== Dataset extract ==

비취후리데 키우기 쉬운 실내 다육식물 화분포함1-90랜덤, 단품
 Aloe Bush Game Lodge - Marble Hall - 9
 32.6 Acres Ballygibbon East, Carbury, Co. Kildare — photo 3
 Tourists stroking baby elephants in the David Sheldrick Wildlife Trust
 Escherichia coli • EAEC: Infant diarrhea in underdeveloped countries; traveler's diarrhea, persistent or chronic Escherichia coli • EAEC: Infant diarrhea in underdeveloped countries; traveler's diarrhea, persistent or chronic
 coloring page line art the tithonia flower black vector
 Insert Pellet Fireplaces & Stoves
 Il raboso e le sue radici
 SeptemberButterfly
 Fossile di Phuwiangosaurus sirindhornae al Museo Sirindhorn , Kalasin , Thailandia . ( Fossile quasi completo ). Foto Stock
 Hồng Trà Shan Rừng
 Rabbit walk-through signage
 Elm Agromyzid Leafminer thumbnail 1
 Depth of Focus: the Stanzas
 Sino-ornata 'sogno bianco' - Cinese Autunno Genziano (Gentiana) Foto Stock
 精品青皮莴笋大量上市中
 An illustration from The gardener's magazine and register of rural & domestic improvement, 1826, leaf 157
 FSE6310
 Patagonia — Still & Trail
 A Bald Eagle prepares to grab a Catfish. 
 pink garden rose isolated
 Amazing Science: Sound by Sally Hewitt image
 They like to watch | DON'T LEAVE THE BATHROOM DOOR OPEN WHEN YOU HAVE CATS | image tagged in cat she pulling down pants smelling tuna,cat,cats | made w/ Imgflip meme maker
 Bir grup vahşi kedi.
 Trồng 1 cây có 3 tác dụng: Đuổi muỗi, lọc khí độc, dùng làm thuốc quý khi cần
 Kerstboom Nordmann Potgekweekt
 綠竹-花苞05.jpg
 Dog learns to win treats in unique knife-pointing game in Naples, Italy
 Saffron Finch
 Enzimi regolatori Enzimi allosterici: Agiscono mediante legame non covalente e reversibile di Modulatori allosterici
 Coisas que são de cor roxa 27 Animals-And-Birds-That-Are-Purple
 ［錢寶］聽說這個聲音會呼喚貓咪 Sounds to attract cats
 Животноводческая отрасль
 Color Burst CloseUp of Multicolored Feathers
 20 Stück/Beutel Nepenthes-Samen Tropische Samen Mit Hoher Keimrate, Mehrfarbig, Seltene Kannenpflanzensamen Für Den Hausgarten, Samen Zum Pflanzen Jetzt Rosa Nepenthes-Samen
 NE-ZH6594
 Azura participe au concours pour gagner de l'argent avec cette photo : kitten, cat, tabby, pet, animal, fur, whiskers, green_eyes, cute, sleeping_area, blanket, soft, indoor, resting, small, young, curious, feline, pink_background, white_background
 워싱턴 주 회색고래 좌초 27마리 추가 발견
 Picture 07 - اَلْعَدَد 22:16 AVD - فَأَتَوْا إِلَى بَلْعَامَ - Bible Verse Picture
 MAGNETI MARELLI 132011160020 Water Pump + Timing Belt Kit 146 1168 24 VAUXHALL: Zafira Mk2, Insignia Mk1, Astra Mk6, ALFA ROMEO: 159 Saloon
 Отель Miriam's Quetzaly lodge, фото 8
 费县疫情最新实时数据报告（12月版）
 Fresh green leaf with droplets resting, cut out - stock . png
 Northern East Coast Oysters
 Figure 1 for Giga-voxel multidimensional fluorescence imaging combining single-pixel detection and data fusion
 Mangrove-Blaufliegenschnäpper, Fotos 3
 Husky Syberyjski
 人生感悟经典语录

===

- Task objective -
Each line from the one containing "费县疫情最新实时数据报告（12月版）" to the end of the records should be echoed exactly, and no other line.

- Answer to the problem -
 费县疫情最新实时数据报告（12月版）
 Fresh green leaf with droplets resting, cut out - stock . png
 Northern East Coast Oysters
 Figure 1 for Giga-voxel multidimensional fluorescence imaging combining single-pixel detection and data fusion
 Mangrove-Blaufliegenschnäpper, Fotos 3
 Husky Syberyjski
 人生感悟经典语录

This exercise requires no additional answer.